Every recursive problem can be modeled as a process.
Here is the recursive definition for calculating the stopping time for the Collatz Sequence:
function collatz_length(x)
if x == 1
return 0
elseif x % 2 == 0
return 1 + collatz_length(x / 2)
else
return 1 + collatz_length(3 * x + 1)
end
end
The same algorithm can be visualized as a process:
Ragamuffin accelerates these kinds of calculations by parallelizing each step for several values. It takes many input values, follows the process, and stores the result of each input value in an output array. It starts at root
. Batches of values are stored in 'frames'. A frame consists of many 'cells' which hold the value and the output index.
A step can...
- straight evaluate a function (eg:
increment
above) - evaluate a function of the value and each auxiliary variable in some global array. It can reduce over those auxiliary variable for each value (this is like
select x MIN(y) ... group by y
in pseudo-SQL). - branch on each value by calculating some condition. Those meeting the condition are put in a frame for one destination and those which failed are put in a frame for another destination.
- bifurcate: values are copied into frames for several other steps (one-to-many).
Every step in a process has a stack of frames. Depending on the type of step, values are calculated and moved into one or more frames which can go to different downstream steps. The program executes as long as some stack still has frames in it.

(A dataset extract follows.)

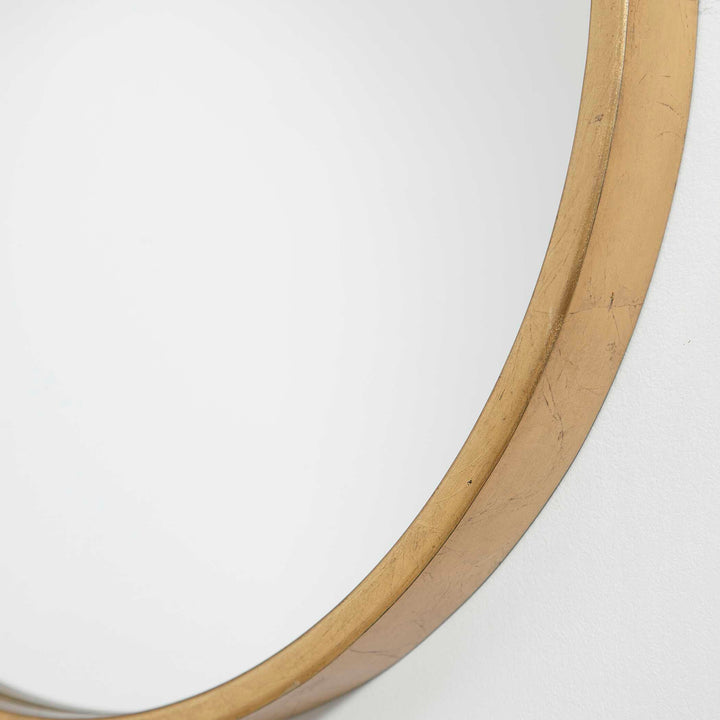 Varina Minimalist Gold Oval Mirror Accessories Uttermost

It is possible that only a small fraction of values will fail/meet a condition, which can lead to frames with very few values. It would be inefficient to invoke kernels on these. So each step has a separate stack of 'partial' frames. Once there are enough values in these partial frames, they are collapsed into a single frame and put on that step's main stack.
If there are only values to run in partial frames, then the collapse step is bypassed. Such executions happen towards the end of calculations.
A pool of frames is maintained to avoid reallocation.
I'm still working out the underlying mechanics, so I haven't polished the interface yet. Eventually there will be convenience macros, but for now see the examples.